Work instructions → Copy, word for word, the opening line of the data and each line after it until the line that contains "Starfish Beach Fleece", which is included. Leave the pictures out.

"""

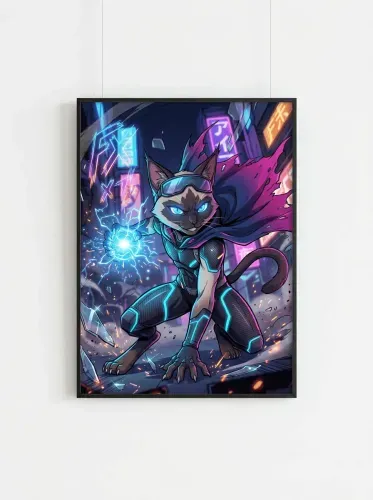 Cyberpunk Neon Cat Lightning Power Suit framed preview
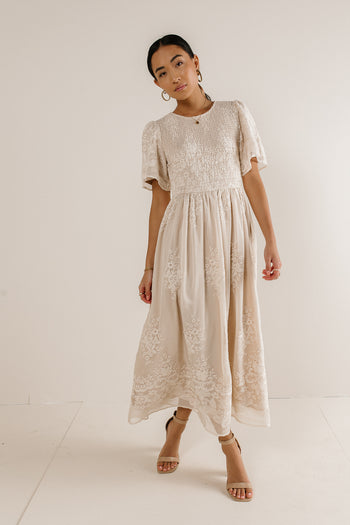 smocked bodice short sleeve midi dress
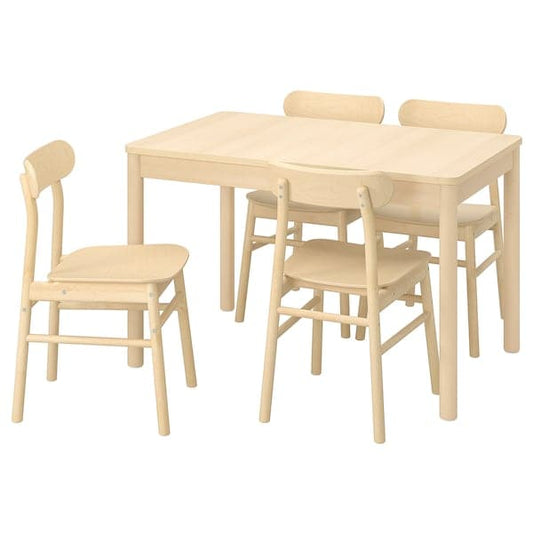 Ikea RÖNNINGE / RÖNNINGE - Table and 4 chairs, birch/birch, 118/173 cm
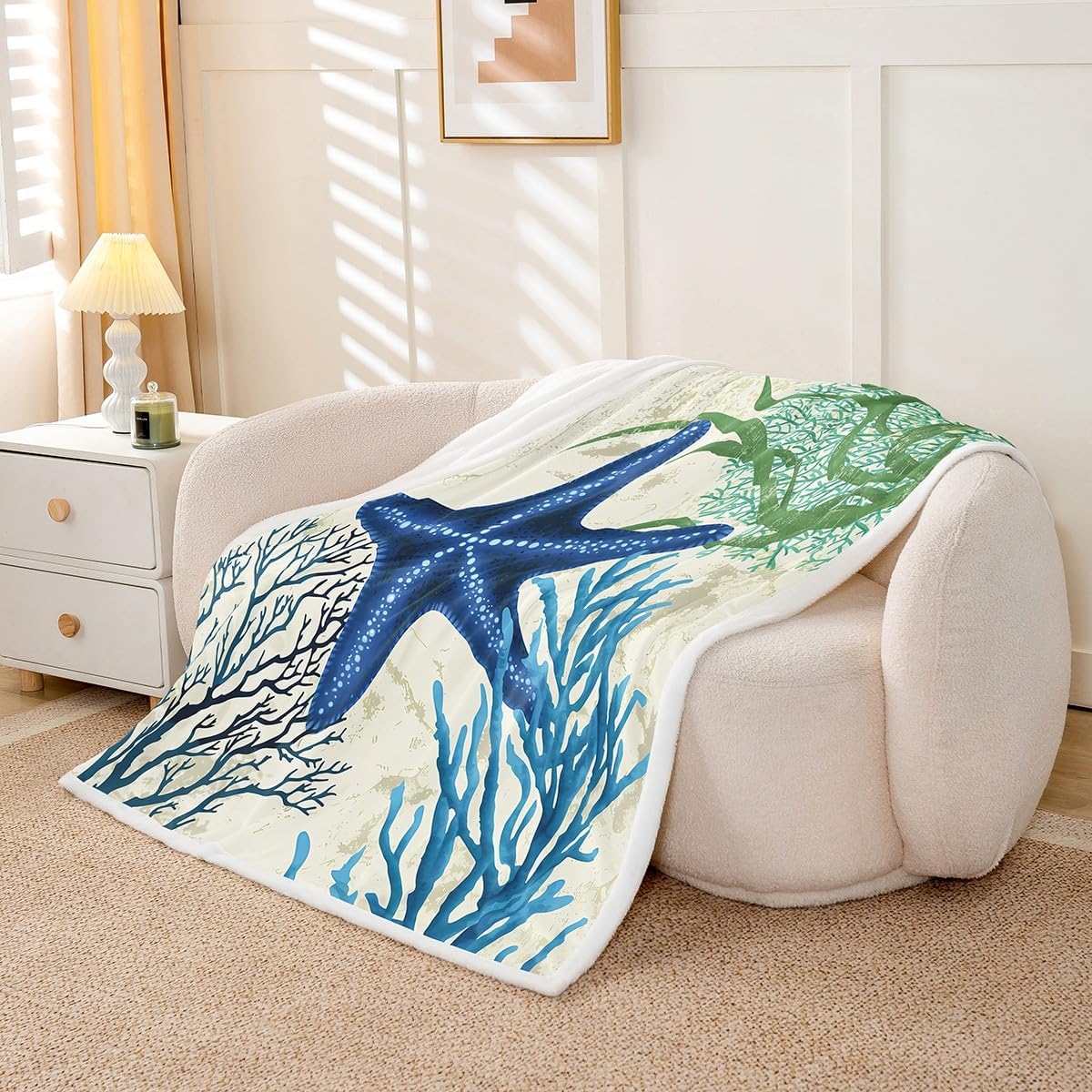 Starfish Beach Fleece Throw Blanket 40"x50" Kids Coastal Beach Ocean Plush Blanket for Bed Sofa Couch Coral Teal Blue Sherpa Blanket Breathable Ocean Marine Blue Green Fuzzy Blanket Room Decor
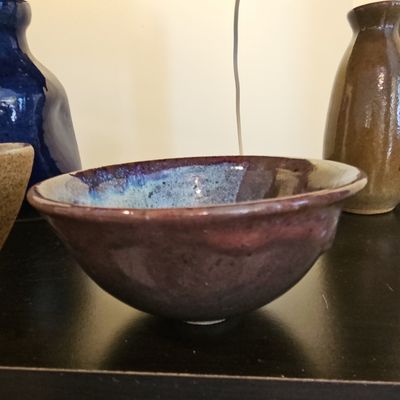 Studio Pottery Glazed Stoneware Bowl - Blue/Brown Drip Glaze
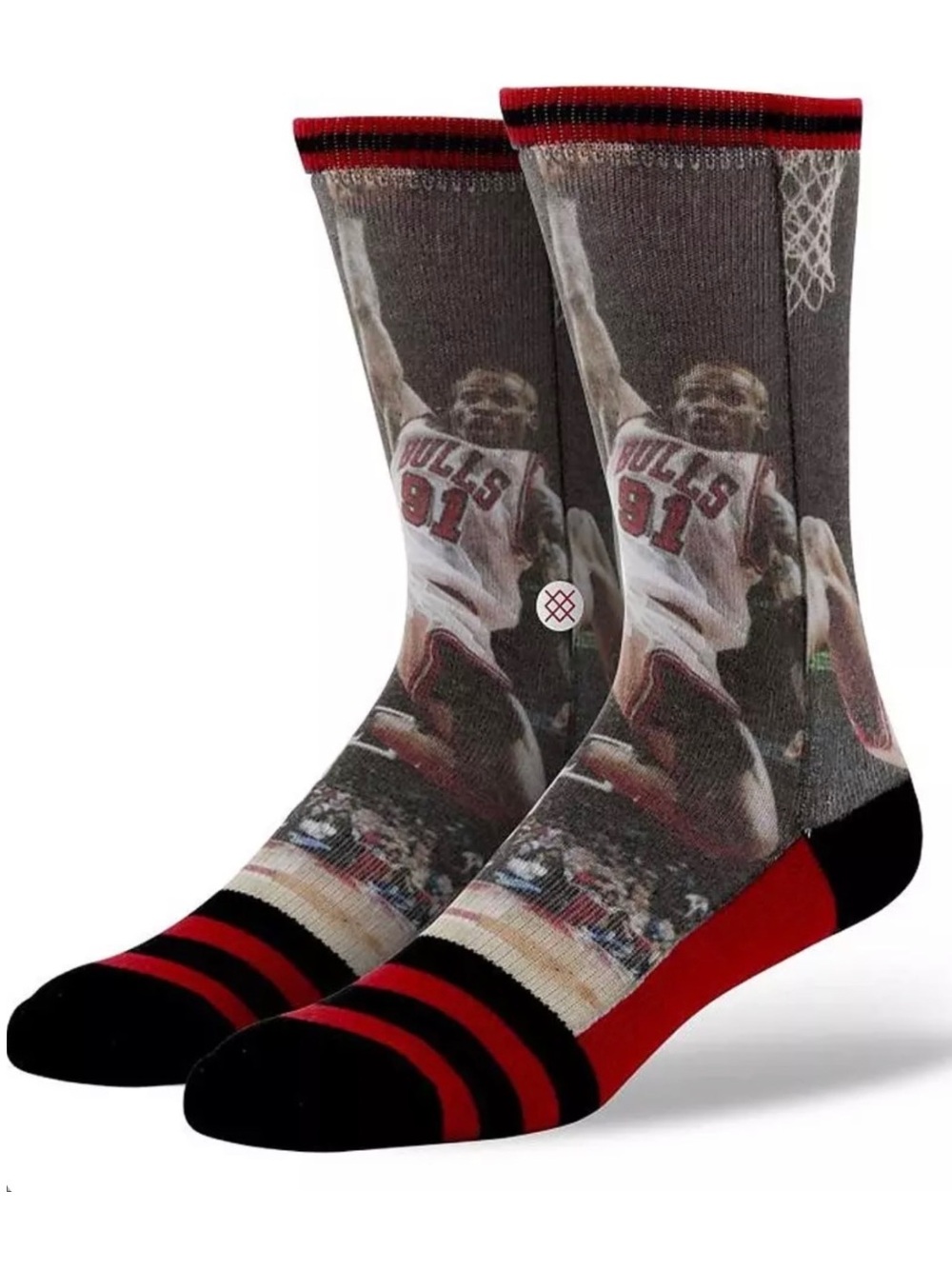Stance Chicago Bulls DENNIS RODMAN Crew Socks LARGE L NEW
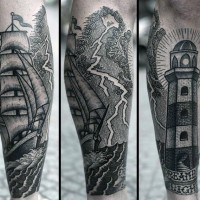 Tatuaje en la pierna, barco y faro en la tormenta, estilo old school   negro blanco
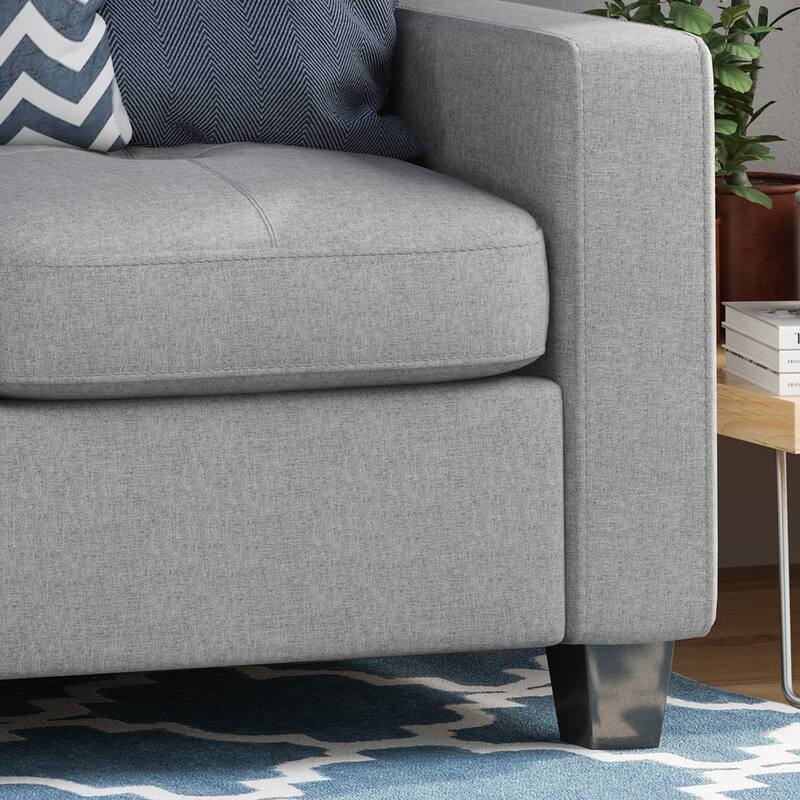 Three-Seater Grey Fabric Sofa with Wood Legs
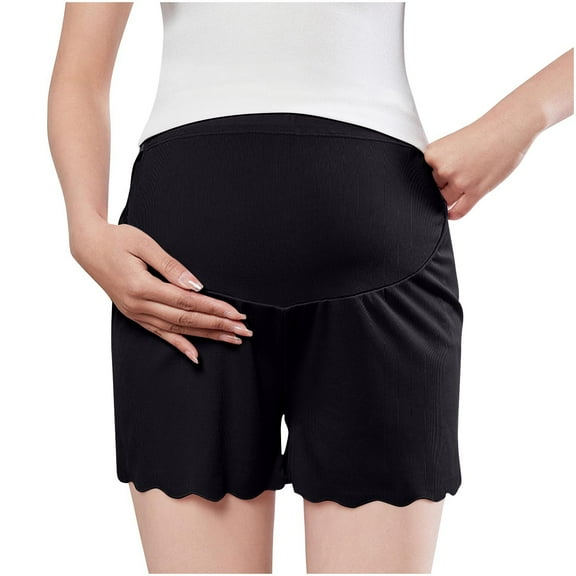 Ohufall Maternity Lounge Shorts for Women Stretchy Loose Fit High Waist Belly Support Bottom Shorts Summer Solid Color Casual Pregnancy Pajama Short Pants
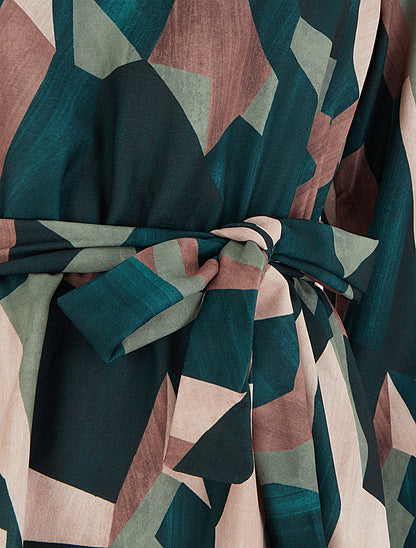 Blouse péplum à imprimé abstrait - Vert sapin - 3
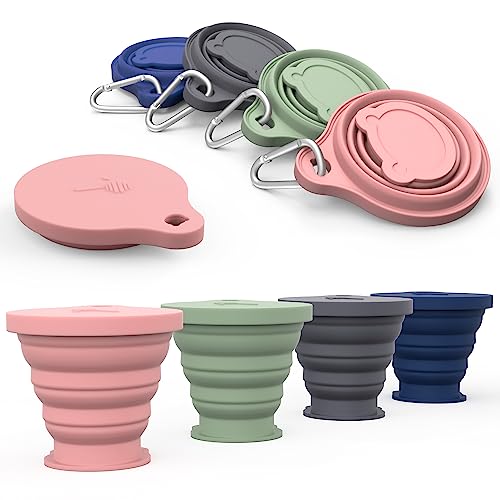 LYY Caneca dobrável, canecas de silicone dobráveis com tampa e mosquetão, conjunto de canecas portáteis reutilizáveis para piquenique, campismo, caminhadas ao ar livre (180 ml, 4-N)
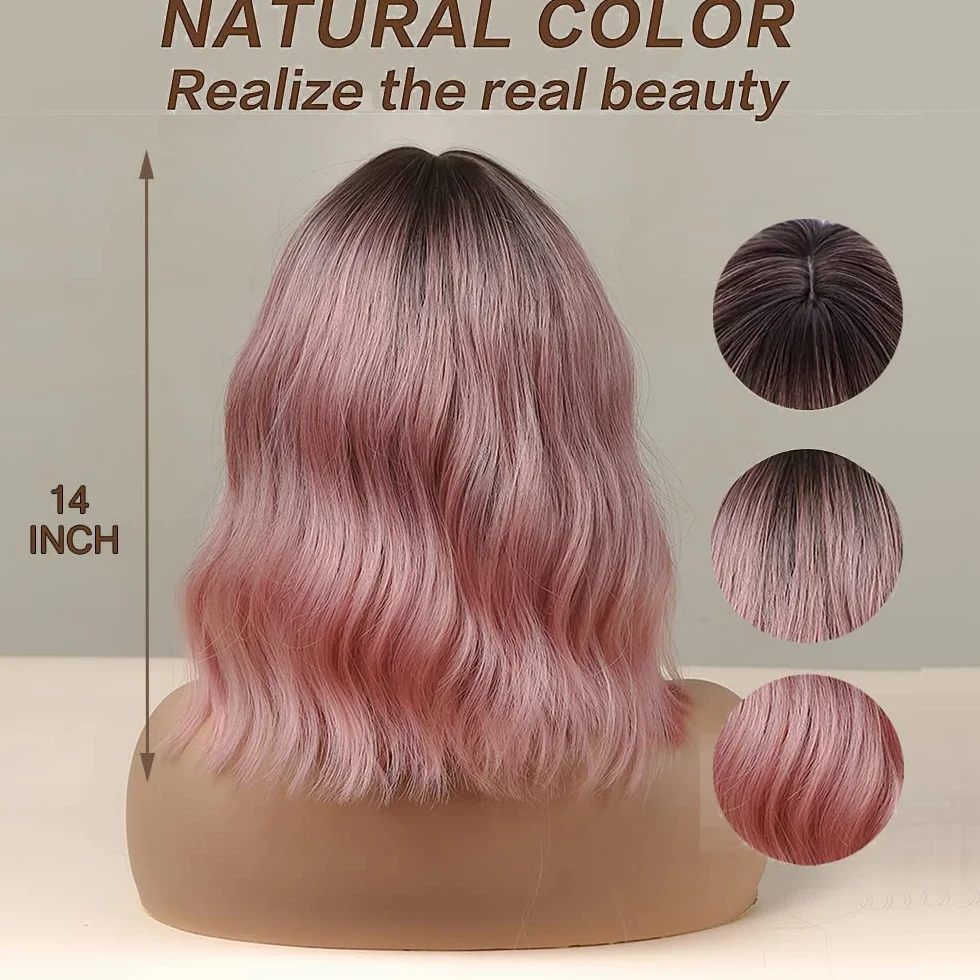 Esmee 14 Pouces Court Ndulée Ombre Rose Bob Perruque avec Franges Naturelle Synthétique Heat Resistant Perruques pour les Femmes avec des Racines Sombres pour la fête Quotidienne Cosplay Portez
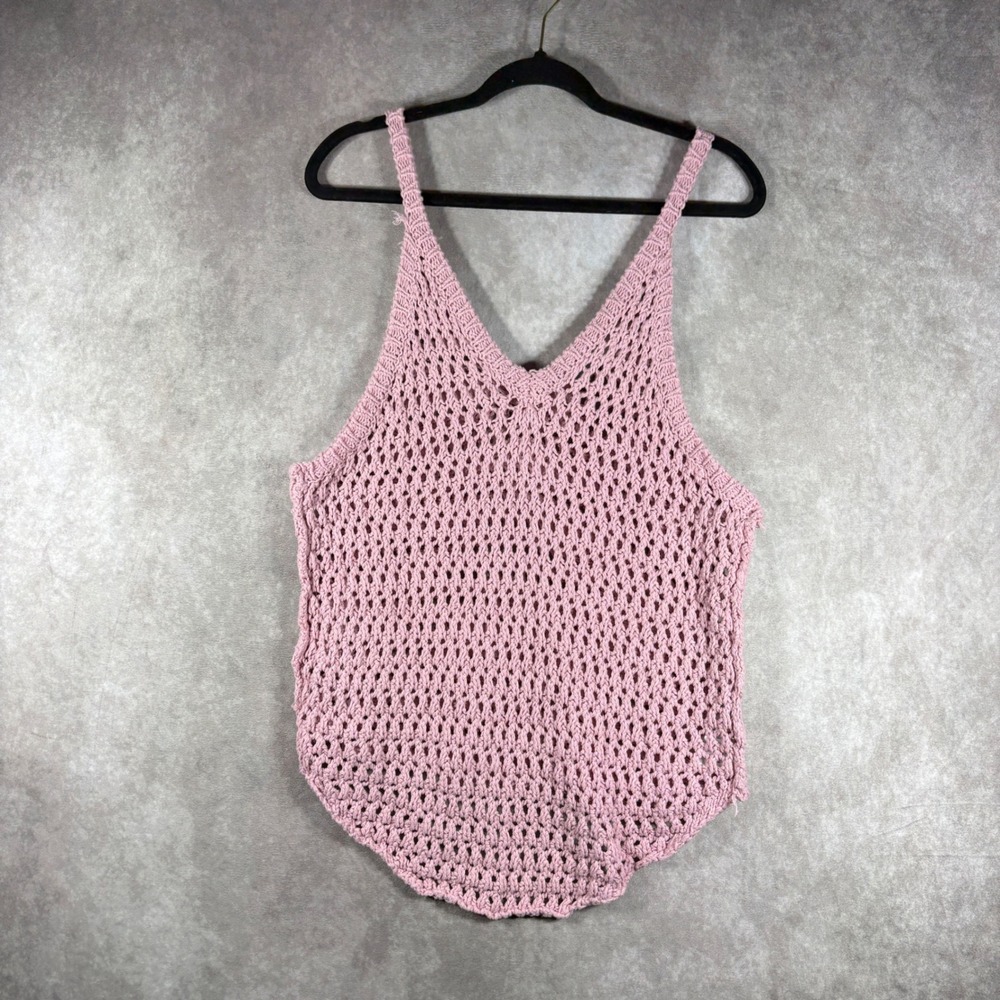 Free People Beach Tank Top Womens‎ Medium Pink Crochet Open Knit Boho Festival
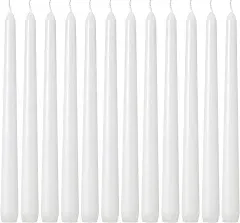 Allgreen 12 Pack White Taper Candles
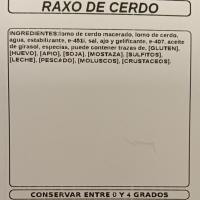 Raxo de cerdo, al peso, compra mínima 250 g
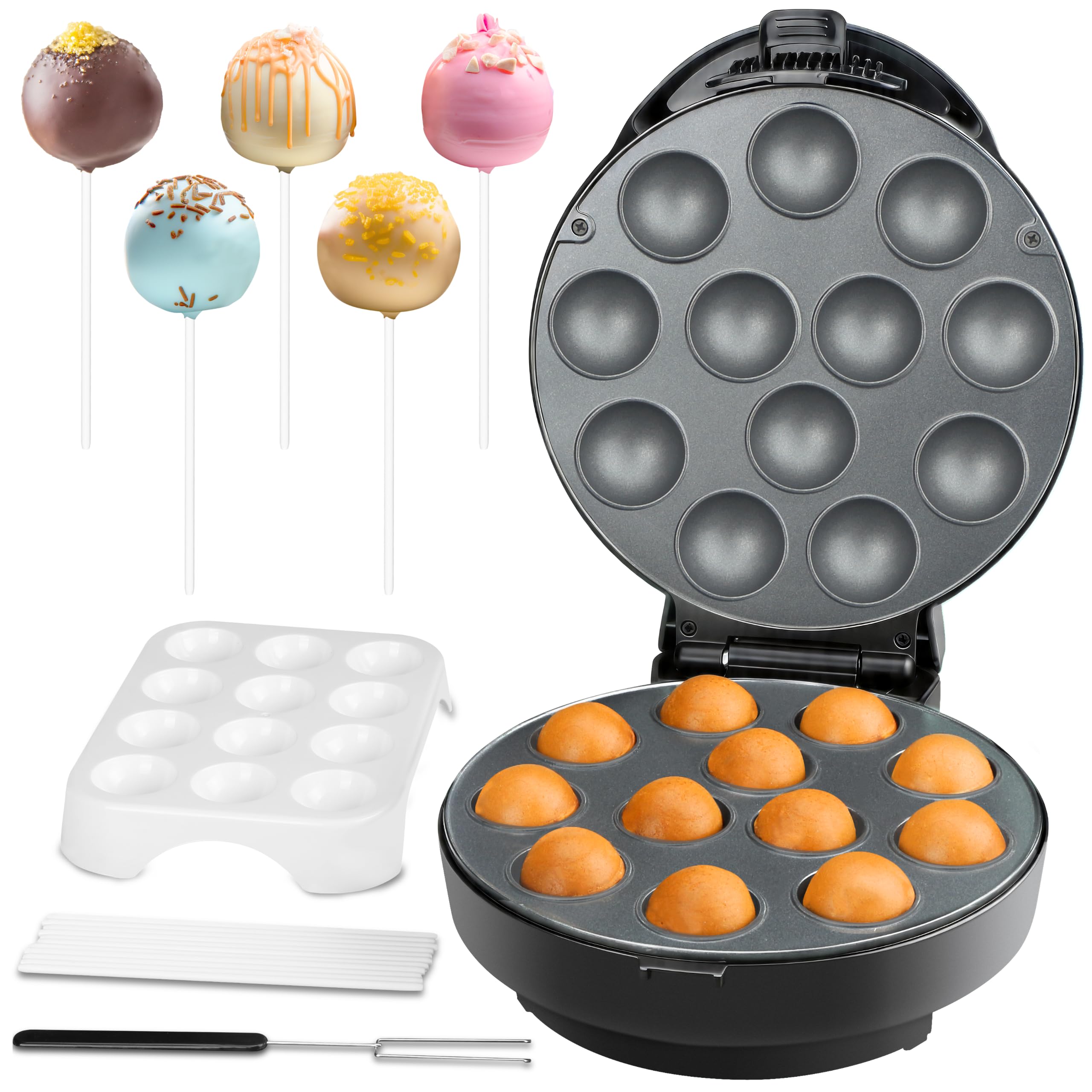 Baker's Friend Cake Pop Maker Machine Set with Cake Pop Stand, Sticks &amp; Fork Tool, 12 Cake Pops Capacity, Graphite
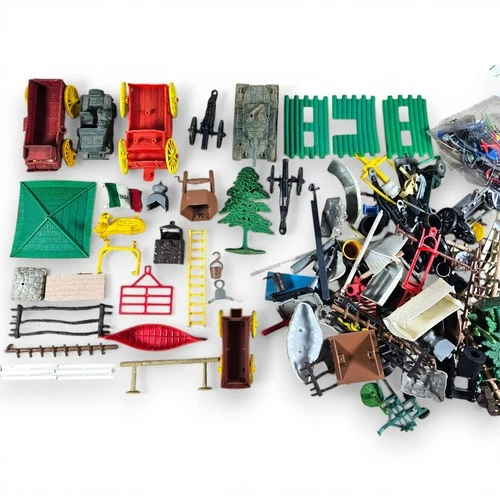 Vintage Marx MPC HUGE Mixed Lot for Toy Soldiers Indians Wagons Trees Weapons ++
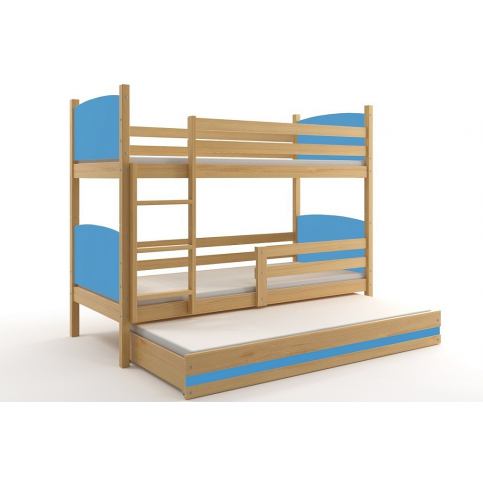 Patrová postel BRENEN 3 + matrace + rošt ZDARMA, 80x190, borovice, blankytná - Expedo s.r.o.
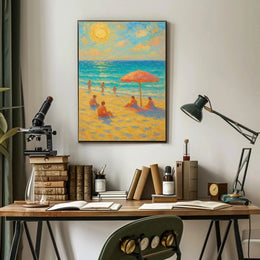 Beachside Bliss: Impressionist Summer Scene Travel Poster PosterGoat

"""

Task output →
 Cyberpunk Neon Cat Lightning Power Suit framed preview
 smocked bodice short sleeve midi dress
 Ikea RÖNNINGE / RÖNNINGE - Table and 4 chairs, birch/birch, 118/173 cm
 Starfish Beach Fleece Throw Blanket 40"x50" Kids Coastal Beach Ocean Plush Blanket for Bed Sofa Couch Coral Teal Blue Sherpa Blanket Breathable Ocean Marine Blue Green Fuzzy Blanket Room Decor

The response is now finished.